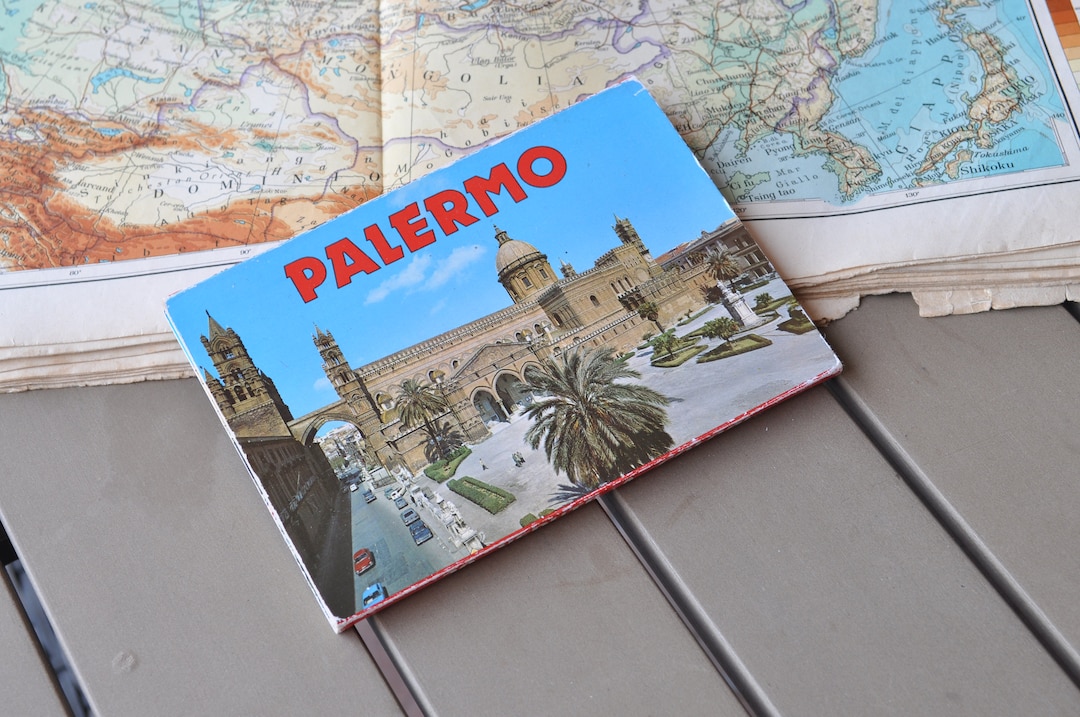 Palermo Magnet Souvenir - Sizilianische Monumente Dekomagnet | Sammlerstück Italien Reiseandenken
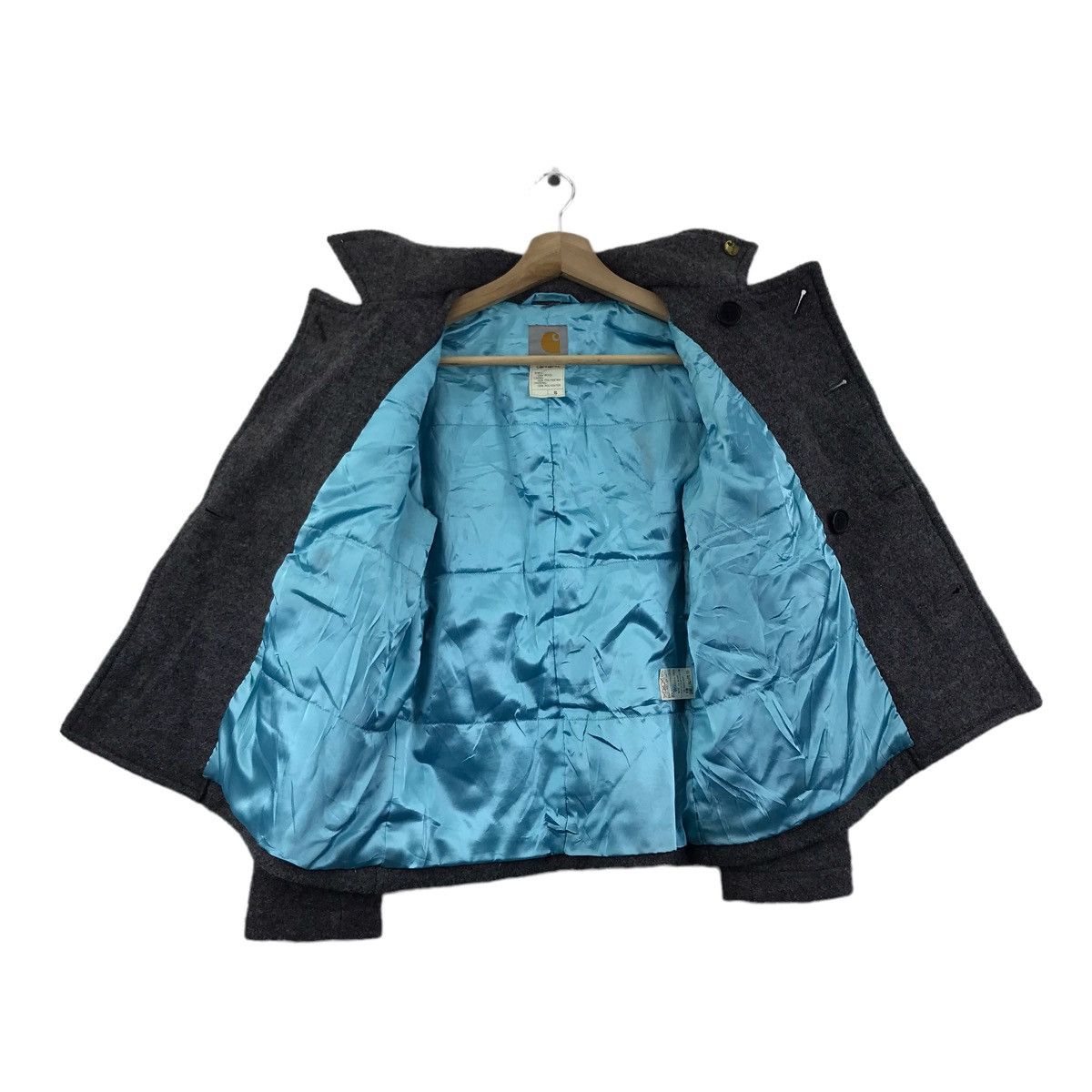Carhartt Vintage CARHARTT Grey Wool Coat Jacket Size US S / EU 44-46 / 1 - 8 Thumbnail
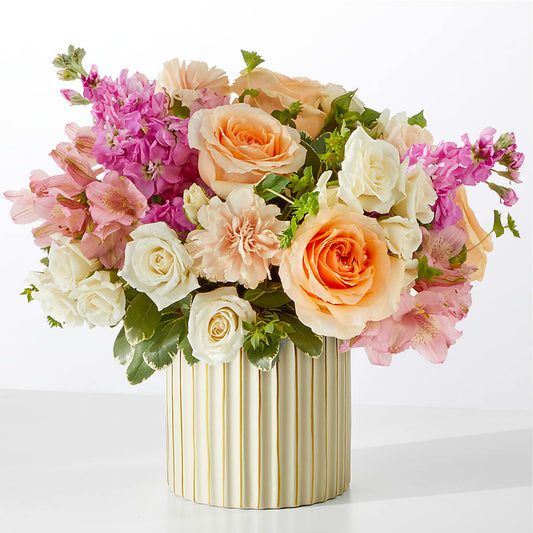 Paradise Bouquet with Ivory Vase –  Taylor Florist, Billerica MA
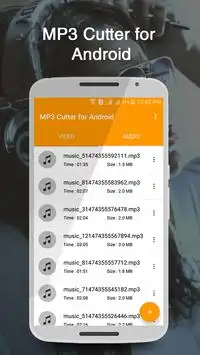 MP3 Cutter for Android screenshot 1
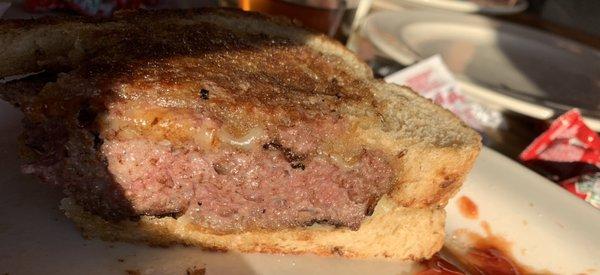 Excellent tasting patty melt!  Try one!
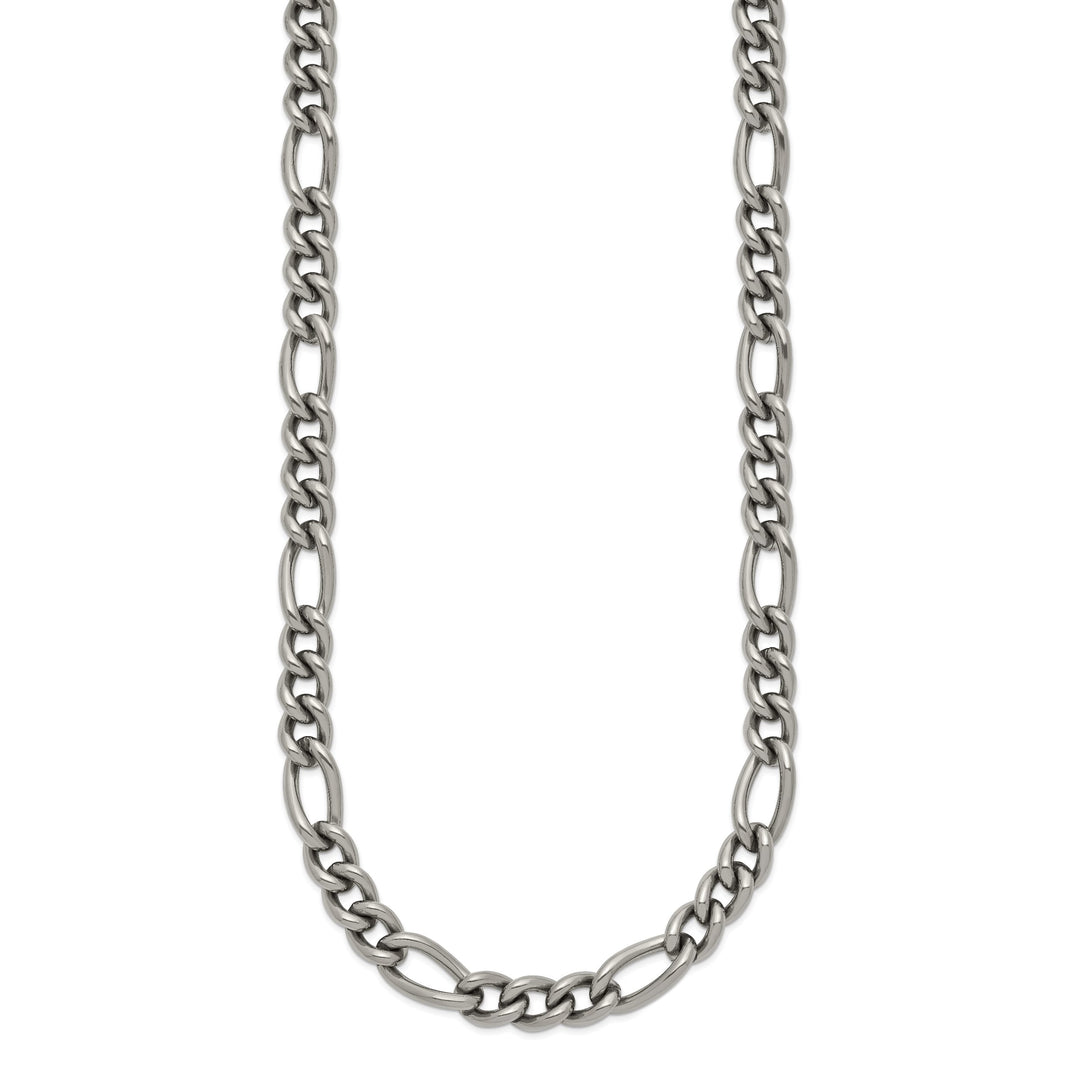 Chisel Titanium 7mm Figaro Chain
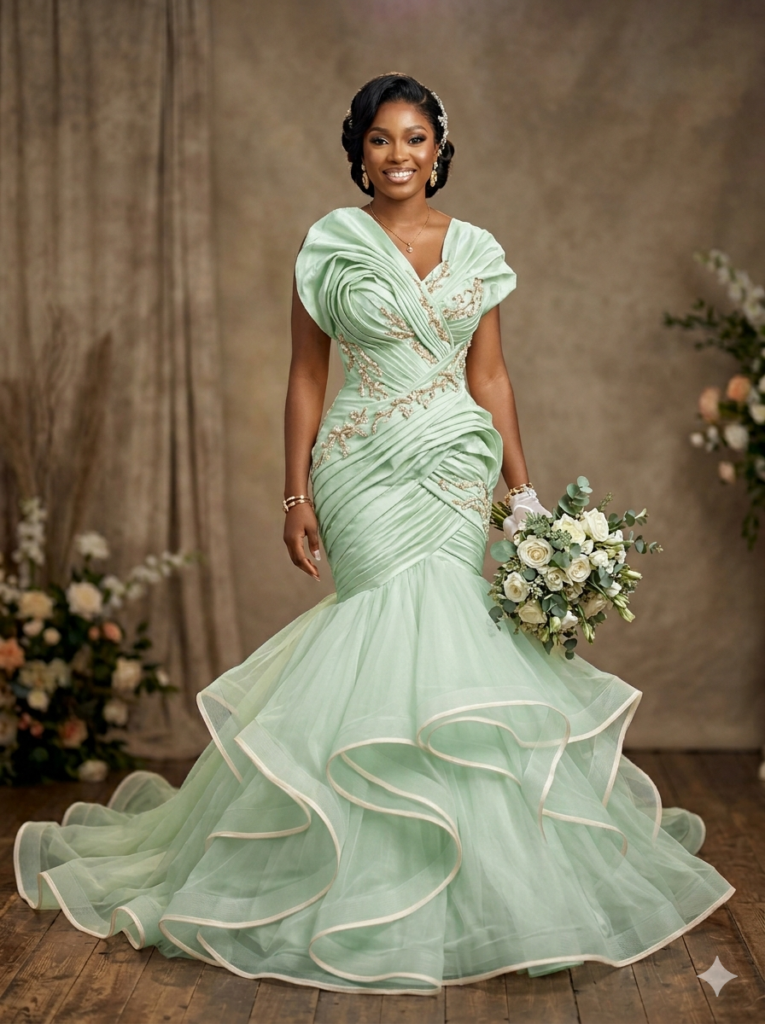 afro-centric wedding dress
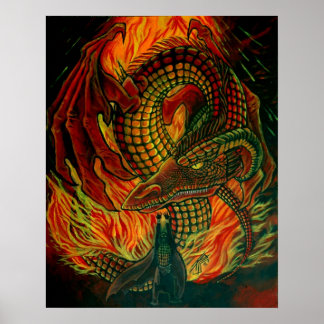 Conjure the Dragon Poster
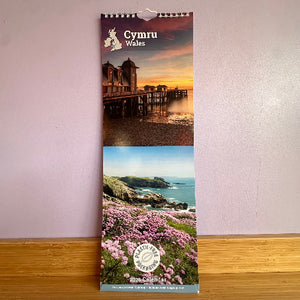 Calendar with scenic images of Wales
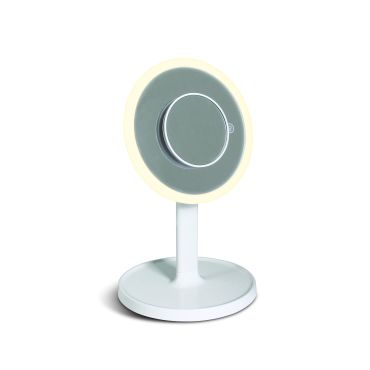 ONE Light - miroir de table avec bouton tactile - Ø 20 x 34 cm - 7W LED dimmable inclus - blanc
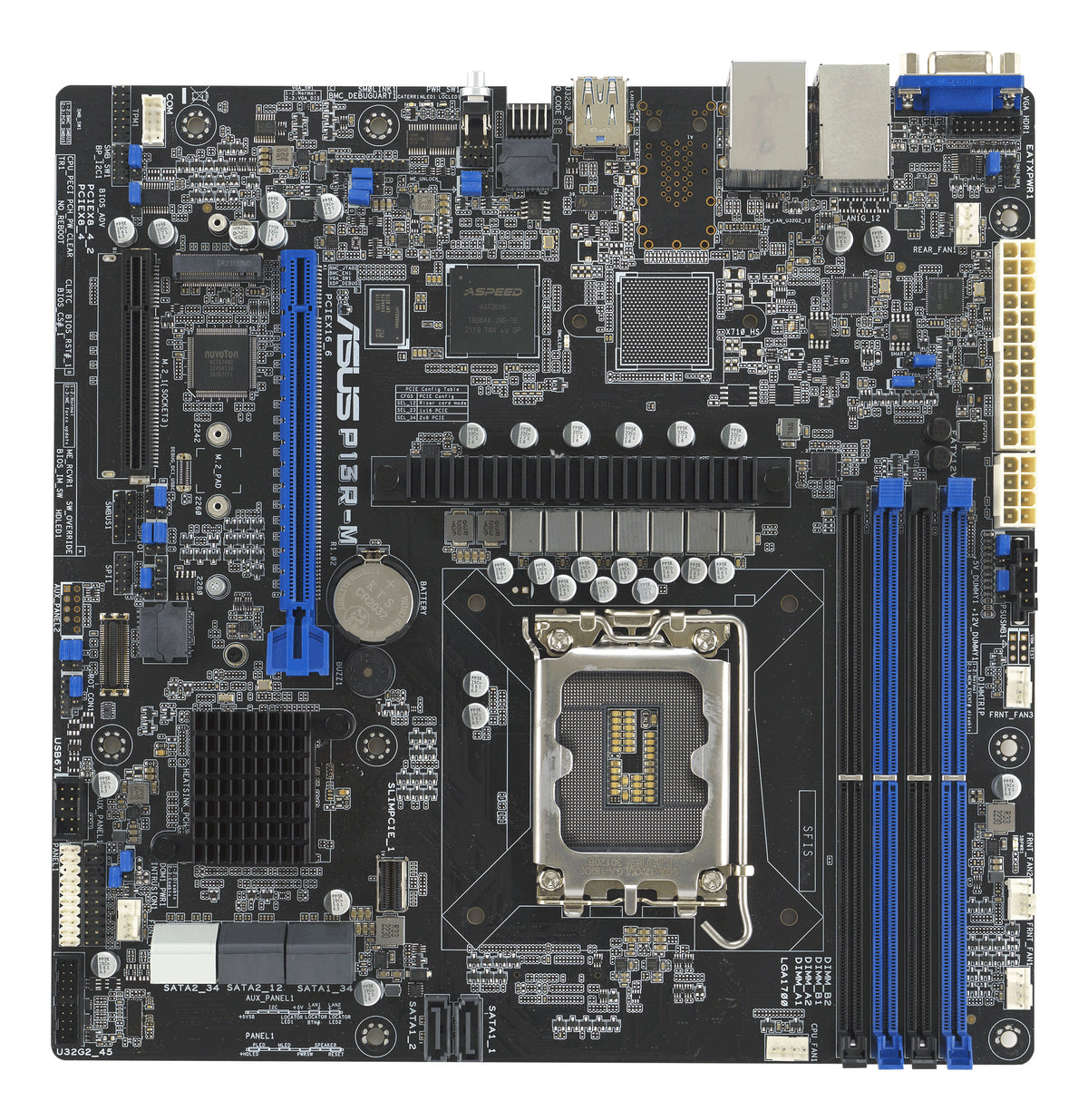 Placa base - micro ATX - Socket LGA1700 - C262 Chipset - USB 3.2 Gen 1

▬▬▬▬▬▬▬▬▬▬

:: Your instructions ::
Output only the lines above from the one containing "Carhartt Vintage CARHARTT" to the one containing "Chisel Titanium 7mm Figaro Chain", both included, exactly as written and with no pictures.

:: Solution to this task ::
Carhartt Vintage CARHARTT Grey Wool Coat Jacket Size US S / EU 44-46 / 1 - 8 Thumbnail
 Paradise Bouquet with Ivory Vase –  Taylor Florist, Billerica MA
 MP3 Cutter for Android screenshot 1
 Excellent tasting patty melt!  Try one!
 Chisel Titanium 7mm Figaro Chain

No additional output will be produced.